● **Given material**
··········

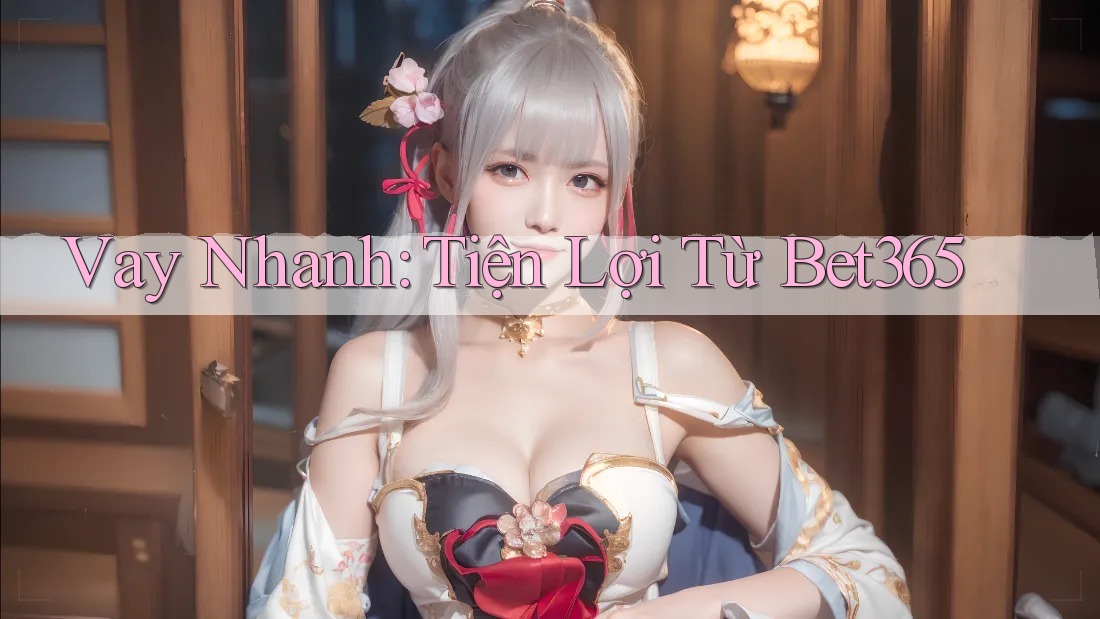 Vay Nhanh: Tiện Lợi Từ Bet365
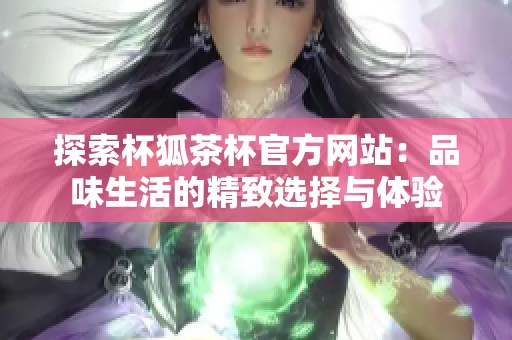 探索杯狐茶杯官方网站：品味生活的精致选择与体验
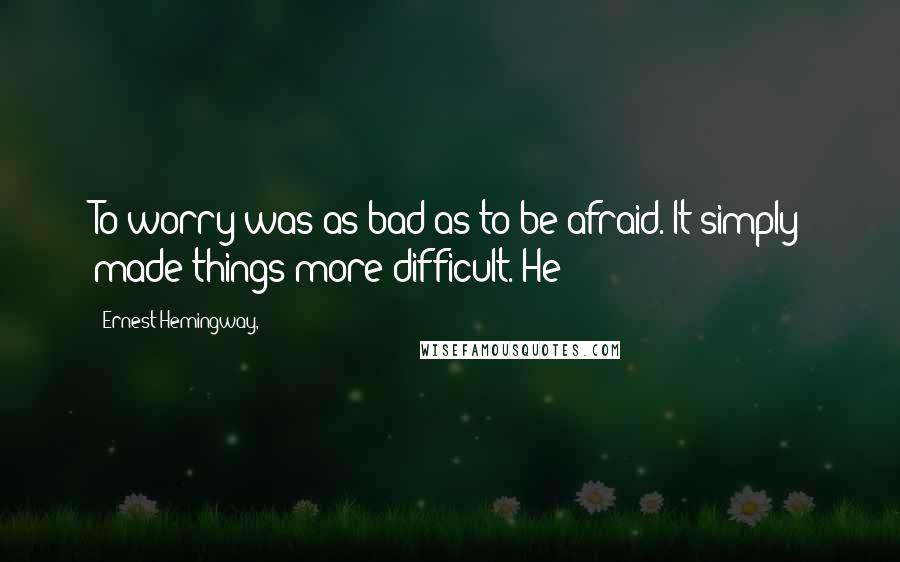 Ernest Hemingway, Quotes: To worry was as bad as to be afraid. It simply made things more difficult. He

··········

● **Exercise prompt**
Reproduce the listing exactly, but keep its images out of the copy.

● **Answer to the exercise**
 Vay Nhanh: Tiện Lợi Từ Bet365
 探索杯狐茶杯官方网站：品味生活的精致选择与体验
 Ernest Hemingway, Quotes: To worry was as bad as to be afraid. It simply made things more difficult. He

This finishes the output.